- Exercise data:
*** Block opens ***
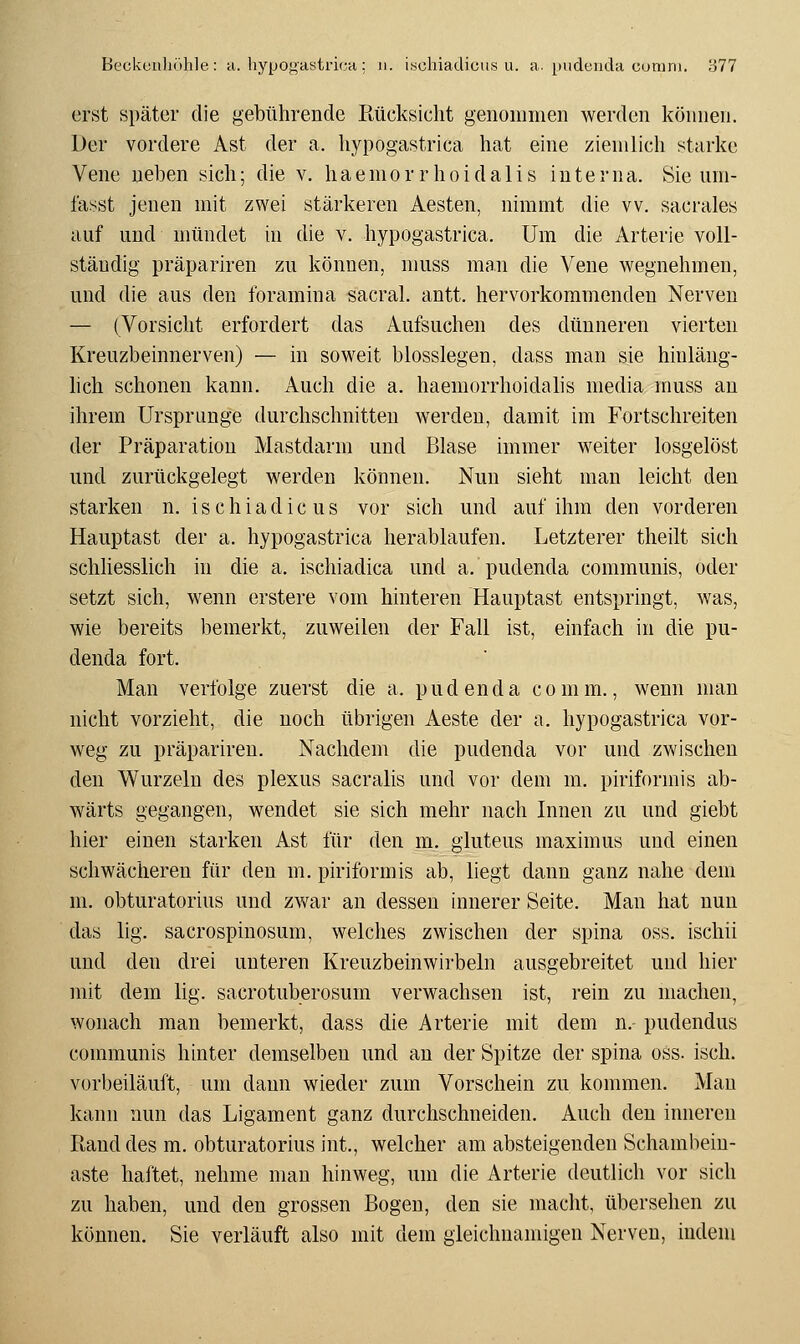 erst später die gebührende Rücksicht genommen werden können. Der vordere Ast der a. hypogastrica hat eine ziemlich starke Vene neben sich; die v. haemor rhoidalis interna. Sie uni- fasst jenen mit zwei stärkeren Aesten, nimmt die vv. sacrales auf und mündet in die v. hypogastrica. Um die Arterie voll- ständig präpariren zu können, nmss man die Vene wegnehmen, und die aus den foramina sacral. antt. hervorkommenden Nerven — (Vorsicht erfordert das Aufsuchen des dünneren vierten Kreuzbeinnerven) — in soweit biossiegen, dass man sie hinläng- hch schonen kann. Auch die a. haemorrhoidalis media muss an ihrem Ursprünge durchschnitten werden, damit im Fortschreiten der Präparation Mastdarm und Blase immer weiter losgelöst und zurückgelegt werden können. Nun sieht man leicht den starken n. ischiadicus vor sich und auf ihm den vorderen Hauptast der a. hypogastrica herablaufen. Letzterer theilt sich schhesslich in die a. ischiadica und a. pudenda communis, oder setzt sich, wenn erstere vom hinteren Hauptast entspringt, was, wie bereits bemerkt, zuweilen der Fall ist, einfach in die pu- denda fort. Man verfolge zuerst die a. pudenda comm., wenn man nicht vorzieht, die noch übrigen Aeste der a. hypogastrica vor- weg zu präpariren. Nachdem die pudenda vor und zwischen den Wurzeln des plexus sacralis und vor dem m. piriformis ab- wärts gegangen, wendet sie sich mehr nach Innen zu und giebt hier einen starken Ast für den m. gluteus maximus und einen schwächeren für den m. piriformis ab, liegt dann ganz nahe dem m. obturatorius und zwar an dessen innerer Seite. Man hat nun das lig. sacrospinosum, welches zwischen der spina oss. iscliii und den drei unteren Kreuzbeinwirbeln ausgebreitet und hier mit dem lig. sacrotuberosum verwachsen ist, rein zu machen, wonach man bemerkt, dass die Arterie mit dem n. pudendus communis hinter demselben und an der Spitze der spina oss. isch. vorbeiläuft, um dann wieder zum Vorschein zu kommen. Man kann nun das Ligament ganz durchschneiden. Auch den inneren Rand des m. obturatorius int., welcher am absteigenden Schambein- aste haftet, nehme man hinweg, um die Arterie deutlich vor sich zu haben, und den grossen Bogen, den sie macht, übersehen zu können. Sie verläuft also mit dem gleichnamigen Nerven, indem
*** Block closes ***
*** Block opens ***
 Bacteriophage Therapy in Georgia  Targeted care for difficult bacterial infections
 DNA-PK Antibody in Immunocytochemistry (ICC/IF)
*** Block closes ***
- What is being asked: Could you restate word for word the lines above, from the one that contains "Bacteriophage Therapy in" through the one that contains "DNA-PK Antibody in", and no others?

- Response box:
 Bacteriophage Therapy in Georgia  Targeted care for difficult bacterial infections
 DNA-PK Antibody in Immunocytochemistry (ICC/IF)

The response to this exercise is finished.